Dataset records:
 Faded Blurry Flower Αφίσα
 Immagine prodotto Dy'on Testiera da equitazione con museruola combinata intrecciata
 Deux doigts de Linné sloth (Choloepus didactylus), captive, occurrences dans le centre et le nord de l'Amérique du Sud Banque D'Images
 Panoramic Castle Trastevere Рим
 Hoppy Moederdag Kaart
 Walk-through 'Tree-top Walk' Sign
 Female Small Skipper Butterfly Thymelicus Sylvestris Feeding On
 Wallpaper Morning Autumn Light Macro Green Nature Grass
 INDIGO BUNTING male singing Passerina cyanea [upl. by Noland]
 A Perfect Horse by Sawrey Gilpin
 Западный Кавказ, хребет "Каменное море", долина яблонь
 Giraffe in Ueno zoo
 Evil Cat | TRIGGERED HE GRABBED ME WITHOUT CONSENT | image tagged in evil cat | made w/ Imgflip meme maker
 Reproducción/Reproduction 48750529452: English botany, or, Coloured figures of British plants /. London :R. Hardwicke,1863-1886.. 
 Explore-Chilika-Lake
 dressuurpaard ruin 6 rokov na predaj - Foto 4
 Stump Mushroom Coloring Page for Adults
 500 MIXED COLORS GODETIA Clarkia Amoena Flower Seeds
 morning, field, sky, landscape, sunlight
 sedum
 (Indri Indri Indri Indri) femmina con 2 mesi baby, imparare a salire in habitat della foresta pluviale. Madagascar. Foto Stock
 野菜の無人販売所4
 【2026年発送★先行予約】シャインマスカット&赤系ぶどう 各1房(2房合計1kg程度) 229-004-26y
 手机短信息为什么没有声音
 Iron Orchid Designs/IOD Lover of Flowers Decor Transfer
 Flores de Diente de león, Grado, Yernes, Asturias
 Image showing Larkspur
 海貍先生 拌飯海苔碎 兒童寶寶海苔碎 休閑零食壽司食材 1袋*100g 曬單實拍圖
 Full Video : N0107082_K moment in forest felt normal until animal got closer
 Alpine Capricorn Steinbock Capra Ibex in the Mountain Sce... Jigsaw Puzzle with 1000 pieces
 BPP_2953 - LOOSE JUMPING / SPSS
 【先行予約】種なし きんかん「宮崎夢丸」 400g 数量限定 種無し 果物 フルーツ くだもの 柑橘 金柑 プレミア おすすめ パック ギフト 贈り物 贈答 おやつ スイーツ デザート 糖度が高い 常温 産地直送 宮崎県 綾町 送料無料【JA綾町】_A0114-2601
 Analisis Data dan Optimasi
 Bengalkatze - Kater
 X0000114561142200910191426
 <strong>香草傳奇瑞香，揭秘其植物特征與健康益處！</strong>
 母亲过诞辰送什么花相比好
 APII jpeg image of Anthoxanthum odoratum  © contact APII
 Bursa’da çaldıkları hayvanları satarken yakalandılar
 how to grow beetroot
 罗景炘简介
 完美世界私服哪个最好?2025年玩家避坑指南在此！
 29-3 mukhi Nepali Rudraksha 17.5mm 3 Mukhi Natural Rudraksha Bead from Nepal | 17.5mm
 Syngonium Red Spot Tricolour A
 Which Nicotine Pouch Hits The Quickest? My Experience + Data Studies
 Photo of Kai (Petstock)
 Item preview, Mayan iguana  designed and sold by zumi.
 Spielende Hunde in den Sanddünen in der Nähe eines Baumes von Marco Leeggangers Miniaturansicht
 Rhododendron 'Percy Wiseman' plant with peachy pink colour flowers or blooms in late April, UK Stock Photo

◆ **Work request**: Every record must be set down again exactly.

◆ **Task result**:
 Faded Blurry Flower Αφίσα
 Immagine prodotto Dy'on Testiera da equitazione con museruola combinata intrecciata
 Deux doigts de Linné sloth (Choloepus didactylus), captive, occurrences dans le centre et le nord de l'Amérique du Sud Banque D'Images
 Panoramic Castle Trastevere Рим
 Hoppy Moederdag Kaart
 Walk-through 'Tree-top Walk' Sign
 Female Small Skipper Butterfly Thymelicus Sylvestris Feeding On
 Wallpaper Morning Autumn Light Macro Green Nature Grass
 INDIGO BUNTING male singing Passerina cyanea [upl. by Noland]
 A Perfect Horse by Sawrey Gilpin
 Западный Кавказ, хребет "Каменное море", долина яблонь
 Giraffe in Ueno zoo
 Evil Cat | TRIGGERED HE GRABBED ME WITHOUT CONSENT | image tagged in evil cat | made w/ Imgflip meme maker
 Reproducción/Reproduction 48750529452: English botany, or, Coloured figures of British plants /. London :R. Hardwicke,1863-1886.. 
 Explore-Chilika-Lake
 dressuurpaard ruin 6 rokov na predaj - Foto 4
 Stump Mushroom Coloring Page for Adults
 500 MIXED COLORS GODETIA Clarkia Amoena Flower Seeds
 morning, field, sky, landscape, sunlight
 sedum
 (Indri Indri Indri Indri) femmina con 2 mesi baby, imparare a salire in habitat della foresta pluviale. Madagascar. Foto Stock
 野菜の無人販売所4
 【2026年発送★先行予約】シャインマスカット&赤系ぶどう 各1房(2房合計1kg程度) 229-004-26y
 手机短信息为什么没有声音
 Iron Orchid Designs/IOD Lover of Flowers Decor Transfer
 Flores de Diente de león, Grado, Yernes, Asturias
 Image showing Larkspur
 海貍先生 拌飯海苔碎 兒童寶寶海苔碎 休閑零食壽司食材 1袋*100g 曬單實拍圖
 Full Video : N0107082_K moment in forest felt normal until animal got closer
 Alpine Capricorn Steinbock Capra Ibex in the Mountain Sce... Jigsaw Puzzle with 1000 pieces
 BPP_2953 - LOOSE JUMPING / SPSS
 【先行予約】種なし きんかん「宮崎夢丸」 400g 数量限定 種無し 果物 フルーツ くだもの 柑橘 金柑 プレミア おすすめ パック ギフト 贈り物 贈答 おやつ スイーツ デザート 糖度が高い 常温 産地直送 宮崎県 綾町 送料無料【JA綾町】_A0114-2601
 Analisis Data dan Optimasi
 Bengalkatze - Kater
 X0000114561142200910191426
 <strong>香草傳奇瑞香，揭秘其植物特征與健康益處！</strong>
 母亲过诞辰送什么花相比好
 APII jpeg image of Anthoxanthum odoratum  © contact APII
 Bursa’da çaldıkları hayvanları satarken yakalandılar
 how to grow beetroot
 罗景炘简介
 完美世界私服哪个最好?2025年玩家避坑指南在此！
 29-3 mukhi Nepali Rudraksha 17.5mm 3 Mukhi Natural Rudraksha Bead from Nepal | 17.5mm
 Syngonium Red Spot Tricolour A
 Which Nicotine Pouch Hits The Quickest? My Experience + Data Studies
 Photo of Kai (Petstock)
 Item preview, Mayan iguana  designed and sold by zumi.
 Spielende Hunde in den Sanddünen in der Nähe eines Baumes von Marco Leeggangers Miniaturansicht
 Rhododendron 'Percy Wiseman' plant with peachy pink colour flowers or blooms in late April, UK Stock Photo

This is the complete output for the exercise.